● Work to be completed: From the data below, tally each line that has "Long" in it, then give that tally without comment.

● Source material:
[Start of Attachment]

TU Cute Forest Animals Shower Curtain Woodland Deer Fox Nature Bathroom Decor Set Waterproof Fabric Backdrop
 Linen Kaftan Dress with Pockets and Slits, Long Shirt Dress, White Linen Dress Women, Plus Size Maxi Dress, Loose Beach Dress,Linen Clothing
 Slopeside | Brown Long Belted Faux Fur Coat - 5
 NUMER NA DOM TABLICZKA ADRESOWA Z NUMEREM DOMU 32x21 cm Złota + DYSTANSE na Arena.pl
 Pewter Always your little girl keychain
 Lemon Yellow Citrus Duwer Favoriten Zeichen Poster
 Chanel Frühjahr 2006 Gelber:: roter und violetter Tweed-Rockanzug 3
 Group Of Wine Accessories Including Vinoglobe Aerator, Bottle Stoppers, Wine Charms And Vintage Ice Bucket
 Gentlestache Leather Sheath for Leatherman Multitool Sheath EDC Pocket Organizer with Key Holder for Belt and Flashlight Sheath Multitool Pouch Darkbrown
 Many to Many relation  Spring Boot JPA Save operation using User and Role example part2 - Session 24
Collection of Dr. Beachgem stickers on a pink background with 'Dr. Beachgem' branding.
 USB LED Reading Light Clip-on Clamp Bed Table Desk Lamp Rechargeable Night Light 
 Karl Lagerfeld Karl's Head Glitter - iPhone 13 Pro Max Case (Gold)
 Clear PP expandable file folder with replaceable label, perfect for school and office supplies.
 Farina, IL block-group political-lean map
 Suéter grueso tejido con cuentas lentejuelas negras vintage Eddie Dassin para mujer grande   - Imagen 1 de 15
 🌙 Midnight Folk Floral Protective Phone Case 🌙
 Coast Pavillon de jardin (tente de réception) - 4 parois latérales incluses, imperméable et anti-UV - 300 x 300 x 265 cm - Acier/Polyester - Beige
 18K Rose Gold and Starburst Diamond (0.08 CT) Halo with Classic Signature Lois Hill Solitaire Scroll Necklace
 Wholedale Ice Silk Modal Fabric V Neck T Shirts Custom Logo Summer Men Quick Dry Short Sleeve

[End of Attachment]

● Solution to this exercise: 2